My partner wonders if the potential whisky tasters will be shown the warehouses. Sure. We are then lead into a kind of glass tardis built inside one of the warehouses. The casks are there for viewing but are strictly hands-off.

On the plus-side, Blair Athol does cater for connoisseurs and on its 'special tour' will furnish the whisky lover with a dram of the Flora and Fauna 12yo, a 15yo cask strength and a chance to draw a dram straight from a sherry-butt that's been laid aside for the purpose. Sounds good.

The downside to Blair Athol is this:
  • why keep this beautiful malt a secret? Apparently 98% of BA goes into the Bells' blend. The meagre remainder is bottled as a single malt - mostly for the Flora and Fauna expression. The F&F at 43% is superb. But even this is in short supply. We were told that at one point last year, the Blair Athol distillery had NO bottles of its own malt for sale in the shop. Other expressions seem to be running out fast and independent bottlers too are getting little or nothing.
  • bitching. Apparently, war has been declared on nearby independently owned Edradour. It is not clear to us who was the aggressor but neither distillery did much to sell itself to us in terms of PR. Does the interested visitor want to hear their guide or barman gurning about the big/small competitor up the road? No. Keep it to yourselves. If we want whinging, we'll tune into Eastenders or put it in our blogs.
From Blair Athol, its up to the hidden glen in which Edradour resides. Here, we find a new charge of £5 for the pleasure of accessing the site!!! This is not a charge for the tour but for actually setting foot on their land, entering their well stocked bar and shop! Has Edradour gone Diageo?! The Edradour tour has been free up until a few weeks ago. And while we can understand a modest charge being made for a tour, this seems to be born of sheer greed.
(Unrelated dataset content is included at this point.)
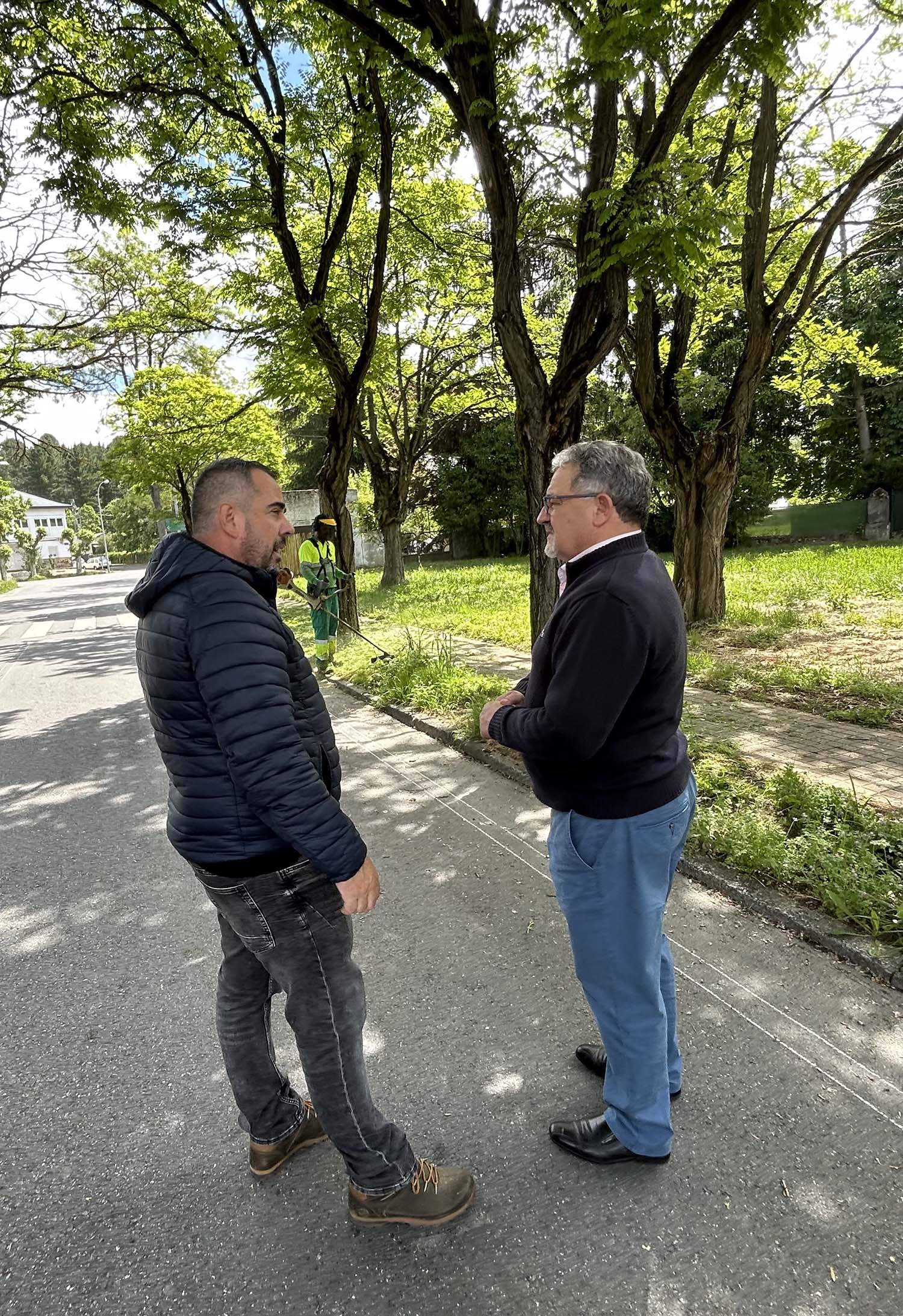 Campaña de desbroces en Ponferrada.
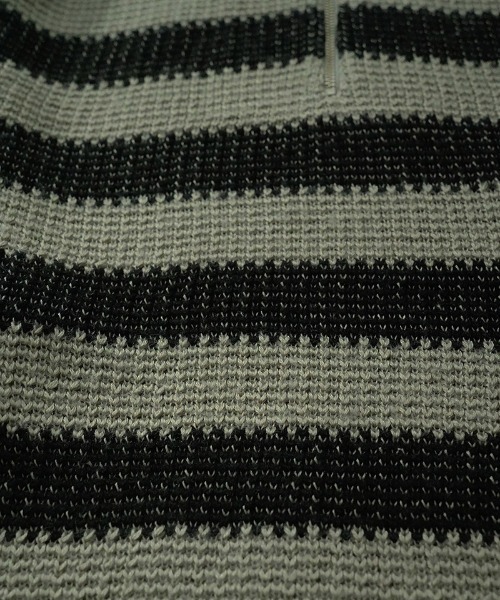 EGO TRIPPING（エゴトリッピング）の「mn2991-BORDERBLEND ニット（ニット/セーター・メンズ・ブラック系その他/サンドグレー/ブラウン系その他・48/46）」の14枚目の写真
We gatecrash anyway and head for the 'tasting bar'. This is a gem. A range of malts from both Edradour and the Signatory range are offered at decent prices. A peated BenRiach single cask is a mere £2. A similar single cask offering from a closed distillery such as Linlithgow, Brora or Port Ellen is £6. The downside here is the rotund and surly barman - he that apparently fired the first salvo in anger at Blair Athol down the road. 'Ceud mile failte' as it says on Pitlochry's sign? Not here. We get given a dram that we didn't order, that isn't even on the menu but funnily enough, costs more than twice the price. Not the end of world but its an aspect of our tourist market that should have died out. So, for what its worth, Edradour should:
  • drop the entrance fee altogether or charge something that fits the short-lived experience you get with Scotland's smallest distillery
  • give your employees higher wages and/or more free booze - whatever it takes to make them appear cheerful and welcoming. Maybe give yon dour barman his retirement and sign him up to the cast of Eastenders where he can whinge and gurn to his heart's content.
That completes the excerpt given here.